Cass. pen. Sez. V, Sent., (ud. 26-01-2011) 16-03-2011, n. 10940

Sentenza scelta dal dott. Domenico Cirasole direttore del sito giuridico http://www.gadit.it/

Svolgimento del processo

Con la sentenza impugnata, in riforma della sentenza del Giudice di Pace di S. Elpidio a Mare in data 28.2.2008, S.E. veniva assolto per non costituire il fatto reato dall’imputazione di cui all’art. 594 c.p. contestata come commessa il (OMISSIS) spedendo al notaio R.A., presso il di lui studio in (OMISSIS), una lettera raccomandata nella quale affermava di rifiutare di ricevere copie di atti precedentemente richieste In quanto le stesse non risultavano conformi agli atti originali, in tal modo attribuendo al R. la spedizione di atti falsi.

Il ricorrente lamenta illogicità della motivazione in ordine all’esclusione della responsabilità a fini civili dell’imputato per il fatto contestato.
Motivi della decisione

Il ricorso è fondato.

Con la sentenza impugnata si riteneva non esservi prova della coscienza e volontà dell’imputato di fare uso di espressioni offensive, considerato che nella missiva di cui all’imputazione non compariva un’espressa accusa di spedizione di atti falsi o altre espressioni ingiuriose e che appariva maggiormente conforme a logica che il S. intendesse esigere che sulle copie autentiche richieste fosse apposta la menzione della sottoposizione dei documenti a sequestro penale, avendo il predetto sostanzialmente interesse ad evitare una circolazione dei beni che vanificasse il vincolo reale apposto sui relativi documenti.

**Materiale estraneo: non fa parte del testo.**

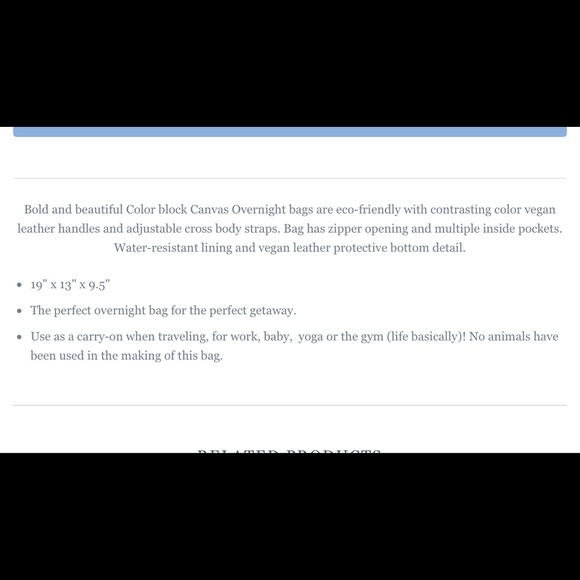 LuluDharma Grey Canvas overnight bag B1 - Picture 8 of 8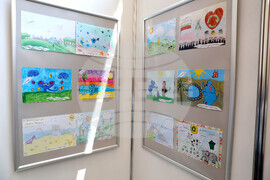 Народно събрание - детска изложба - откриване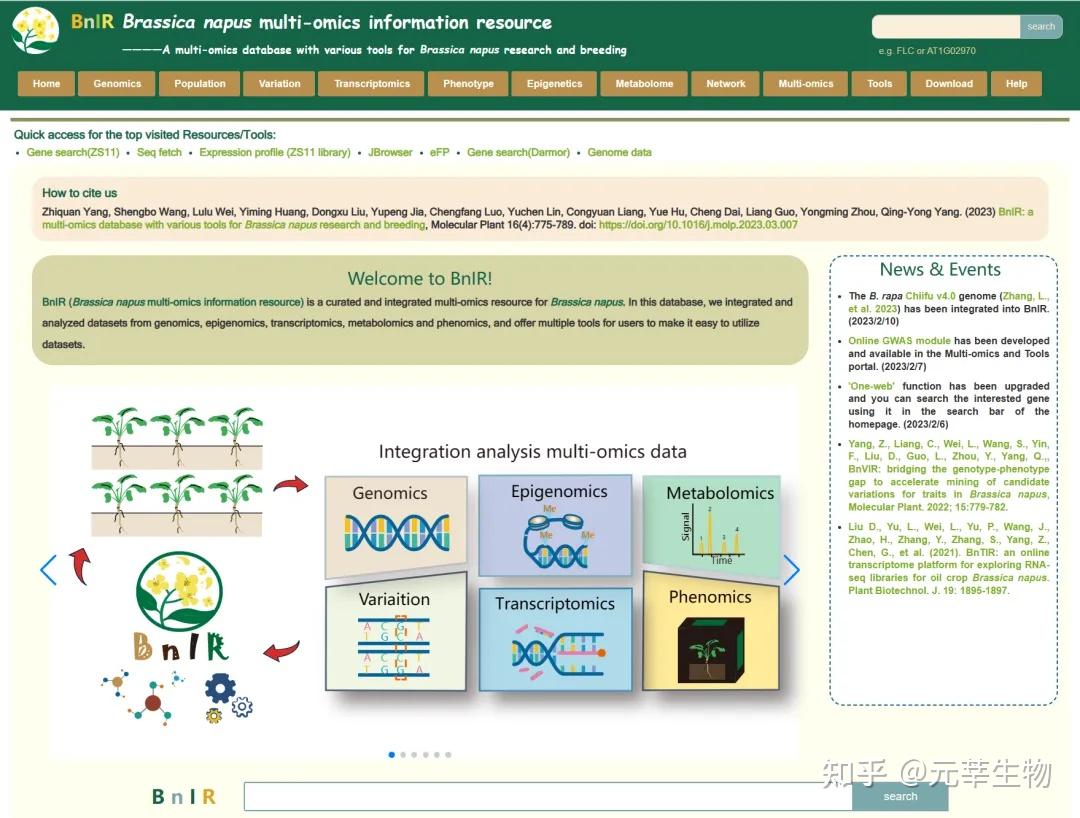 Molecular Plant | 27.5分！甘蓝型油菜多组学数据库！ - 知乎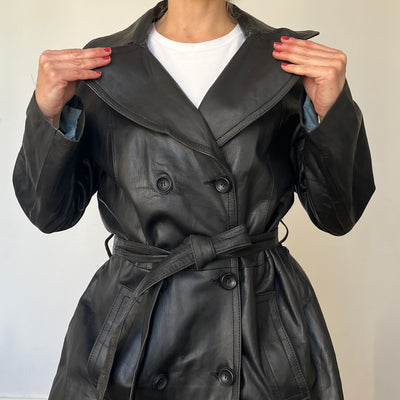 Vintage trench coat with belt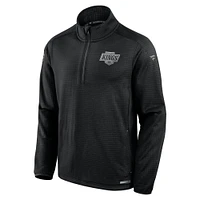 Men's Fanatics  Black Los Angeles Kings Authentic Pro Rink Quarter-Zip Jacket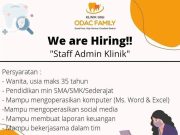 WE ARE HIRING ‘STAFF ADMIN KLINIK’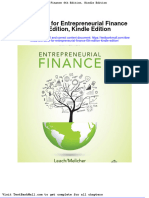 Full Download Test Bank For Entrepreneurial Finance 6th Edition Kindle Edition PDF Full Chapter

Il ricorrente rileva che la decisione di cui sopra è fondata su una erronea lettura del contenuto della lettera; che in particolare l’espressione "dopo aver vagliato sotto ogni profilo giurisprudenza e dottrina respingo le sua copie autentiche…in quanto le stesse non risultano conformi all’originale" equivale all’addebitare la spedizione di atti falsi; che la diversa ricostruzione dell’intenzione dell’imputato, prospettata nella sentenza, è illogica ed arbitraria laddove il rifiuto di ricevere gli atti era motivato nella lettera con l’affermazione per cui "le copie autentiche erano state sottoposte a sequestro penale…erroneamente in virtù degli artt. 476 e 479 c.p. per errata specificità del delitto bensì a norma di legge dovevano essere sottoposte a sequestro per aver violato la norma dell’art. 378 c.p.", passaggio qualificato dal ricorrente come delirante e tale da non sottintendere logicamente la mera richiesta di apposizione della menzione del sequestro dei documenti, bensì la volontà di offendere il notaio con il quale il S. aveva ingaggiato una contesa personale, come ulteriormente dimostrato dall’essere stata la missiva inviata anche al Procuratore della Repubblica di Fermo, alla Sezione di Polizia Giudiziaria della Guardia di Finanza di Fermo ed al Procuratore della Repubblica presso il Tribunale di L’Aquila, competente ad indagare sui magistrati della Corte d’Appello di Ancona e quindi sulla moglie del Notaio R., giudice presso il Tribunale di Camerino.

La motivazione della sentenza impugnata risulta in effetti connotata da manifesta illogicità laddove, a fronte della presenza nella missiva contestata dell’icastica affermazione di non conformità agli originali delle copie trasmesse dal notaio, in sè univocamente traducibile in un addebito di falsità, si ipotizza una significazione alternativa dello scritto, nel senso della mera richiesta dell’apposizione dell’annotazione relativa al sequestro degli originali dei documenti, del tutto estranea al dato testuale e tratta arbitrariamente da un diverso passaggio della missiva e dal confuso riferimento dello stesso alla vicenda del sequestro.

La motivazione in esame è altresì carente nell’omessa valutazione della destinazione alla missiva a diverse autorità giudiziarie, fra le quali quella competente a procedere nei confronti della moglie del R.; elemento che, laddove esaminato, avrebbe posto in rilievo aspetti di incongruità rispetto alla tesi del riferimento della missiva alla mancata annotazione del sequestro e di consonanza piuttosto con l’attribuzione alla parte offesa di un reato di falso documentale.

La sentenza impugnata deve pertanto annullata con rinvio per un nuovo esame, sui profili appena segnalati, al giudice civile competente in grado di appello.

La liquidazione delle spese della parte civile per il presente grado va rimessa al definitivo, non essendo stata presentata nota spese.
P.Q.M.

Annulla la sentenza impugnata con rinvio al giudice civile competente per valore in grado di appello per nuovo esame; spese della parte civile al definitivo.

Testo non ufficiale. La sola stampa del bollettino ufficiale ha carattere legale.